Mit diesem Richtungswechsel aufwärts Anfang November 2023 kamen die meisten G&W Fonds ausgesprochen gut klar. Das, was im Januar noch nicht passte – der Fokus lag noch zu sehr auf Sicherheit und nicht auf Chance – passte nun ausgesprochen gut, so dass die Performance in den Monaten November und Dezember bei den meisten G&W-Fondsstrategien zu einem versöhnlichen Jahresergebnis führte.
Jahresausblick 2024
Schaut man sich die Bewegungen der beiden vergangenen Jahre an, dann sind wir mit dem Kursniveau des DAX heute in etwa wieder dort, wo wir vor zwei Jahren schon einmal waren. In den ersten neun Monaten des Zeitraums ging es bergab. In den folgenden 15 Monaten wurde eine vergleichbare Wegstecke zurückgelegt, jetzt bergauf. Auf den DAX bezogen ist aktuell eine Marktformation zu sehen, die – im negativen Fall – nach ihrem Abschluss im Verlauf der nächsten Wochen als Doppel-Top bezeichnet würde. Die Kurse hätten es in dieser Konstellation nicht geschafft, ihr altes Hoch vom Jahresende 2021 dauerhaft zu überbieten. Es gibt tatsächlich ein paar Schönheitsfehler. Zum einen ist die Marktbreite nicht mit hochgelaufen. Der DAX probiert also ein Solo am deutschen Aktienmarkt. So etwas wirft immer einen Schatten auf das Bild. Entweder folgen die anderen Marktsegmente den großen Aktien, oder die Luft für die großen Aktien wird dünner und dünner. Zum anderen hat der Index mit dem Überschreiten seines alten Hochs keine
Dynamik gezeigt. Überzeugung für die Zukunft sieht anders aus. Dennoch, ein Allzeithoch aus der Vergangenheit wurde überschritten. Die Chance ist definitiv gegeben, dass der Index nicht nennenswert unter das Niveau des alten Hochs zurückfällt und damit den Trend bestätigen kann. Die Zukunft wird es zeigen.
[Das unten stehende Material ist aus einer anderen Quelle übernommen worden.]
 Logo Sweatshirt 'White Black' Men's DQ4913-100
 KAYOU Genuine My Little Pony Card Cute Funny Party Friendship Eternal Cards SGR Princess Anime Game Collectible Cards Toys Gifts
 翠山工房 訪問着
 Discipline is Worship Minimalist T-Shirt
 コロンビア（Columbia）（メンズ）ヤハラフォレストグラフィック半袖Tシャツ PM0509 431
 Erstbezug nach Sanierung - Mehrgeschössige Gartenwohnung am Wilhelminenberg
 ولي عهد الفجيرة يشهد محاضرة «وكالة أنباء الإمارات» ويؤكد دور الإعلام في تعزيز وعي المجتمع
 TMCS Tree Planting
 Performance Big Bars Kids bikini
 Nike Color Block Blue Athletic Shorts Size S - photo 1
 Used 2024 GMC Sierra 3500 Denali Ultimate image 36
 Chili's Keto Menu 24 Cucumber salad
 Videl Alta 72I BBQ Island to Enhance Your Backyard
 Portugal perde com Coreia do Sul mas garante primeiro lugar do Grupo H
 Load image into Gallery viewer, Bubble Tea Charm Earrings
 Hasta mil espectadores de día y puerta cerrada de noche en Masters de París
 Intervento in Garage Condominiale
Sieht man diese Ausgangslage, dann stellt sich sofort die Anschlussfrage: Was könnte der Grund für weitere Kursgewinne sein? Entweder sind es steigende Unternehmensgewinne oder es ist eine Verbesserung der „Financial Conditions“, also der Bedingungen hauptsächlich aus Zins und Liquidität, auf die Zentralbanken einen maßgeblichen Einfluss nehmen können. Es ist keine Überraschung, wenn in einem Umfeld rezessiver Tendenzen in Europa die Unternehmensgewinne eher nicht stärker sprudeln als zuvor. Der Kostendruck ist enorm und nicht jeder hat die Möglichkeit, diese Kosten an seine Kunden weiterzureichen und gleichzeitig die Margen auszuweiten. In der ersten Phase des Inflationsumfelds war dies anders. Besser sieht es in den USA aus. Die Unternehmen werden massiv durch staatliche Programme, verbunden mit einer Ausweitung der Staatsschulden, unterstützt.
Die Frage aller Fragen zum Jahresende lautet aber, warum der Chef der amerikanischen Zentralbank seinen Zugriff auf diese mühsam errungenen finanziellen Rahmenbedingungen im Kampf gegen die Inflation Mitte Dezember 2023 mit einem einzigen Satz gelockert hat: „Die Zinsen können auch gesenkt werden, wenn das Inflationsziel von 2 % noch nicht erreicht wurde.“ Falls (?) er gegen die Hoffnungen und Erwartungen der Börsenteilnehmer eine Rezession und eine Abschwächung des bisher sehr starken US-Arbeitsmarktes erwarten sollte, dann wird es sich zeigen, ob je nach Inflationsdaten tatsächlich Zinssenkungen erfolgen und ob sie dann dem Markt die Stärke geben werden, dem Kursrückgangspotential einer Rezession entgegentreten zu können, falls zeitgleich die Marktliquidität weiter zurückgeführt würde. Was immer auch über alle Meinungen und Hoffnungen hinaus geschehen wird, wir werden uns nicht gegen den Markt stellen, sondern ihm folgen und die Risiken managen.